FIG. 8 is a flow diagram showing a method 800 for executing an executable object including parallel code fragments with foreign code using a set of processors in accordance with at least one embodiment. The method 800 can be performed, for instance, by the developer computing environment 104 of FIG. 1. At block 802, the system implementing the method 800 obtains a selection mask. As described above in connection with FIG. 1, in various embodiments, the selection mask includes a set of feature bits that indicate to the hosted computing environment executing the executable object the parallel code fragments encoded in the executable object to enable. For example, the selection mask indicates a target processor, processor capabilities, and/or instruction architecture associated with foreign code included in the parallel code fragment.

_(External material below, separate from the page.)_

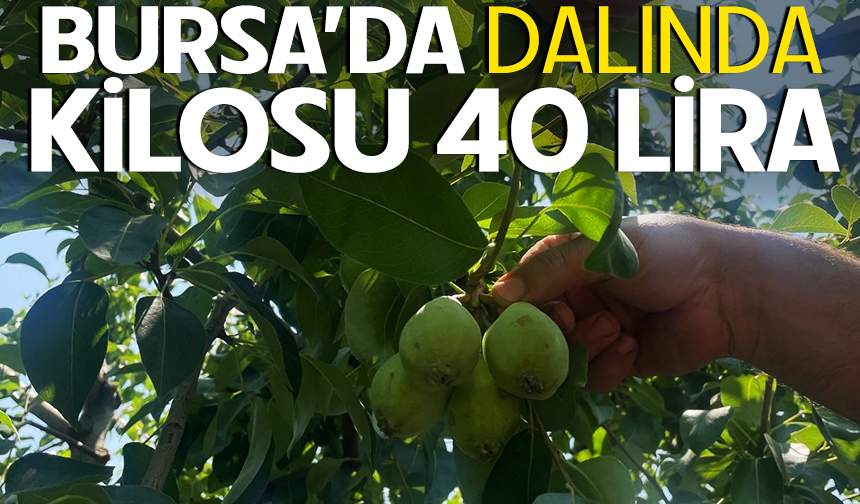 Bursa'da Santa Maria Armut dalında 40 lira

At block 804, the system implementing the method 800 determines if the target processor is available. For example, the operating system of the hosted computing environment determines if the target processor is included in the hosted computing environment and continues to block 808. However, if the target processor is not available and/or does not include the capabilities to execute the foreign code, the system implementing the method 800 proceeds to block 806 and indicates that the target processor is unavailable. In some embodiments, the check in block 804 is performed prior to obtaining the selection mask. For example, the hosted computing environment determines (e.g., through negotiation and/or handshake process between firmware and an operating system) the parallel code fragments with foreign code that can be executed by the hosted computing environment.
At block 808, the system implementing the method 800 processes the executable code. For example, the operating system initiates a process to control the execution of the executable object. At block 810, the system implementing the method 800 determines if the selection mask is detected. For example, the executable code is processed, and if no selection mask is determined execution continues (e.g., the system implementing the method 800 returns to block 808). However, if the selection mask is detected, the system implementing the method 800 continues to block 812 and translates the foreign code fragment.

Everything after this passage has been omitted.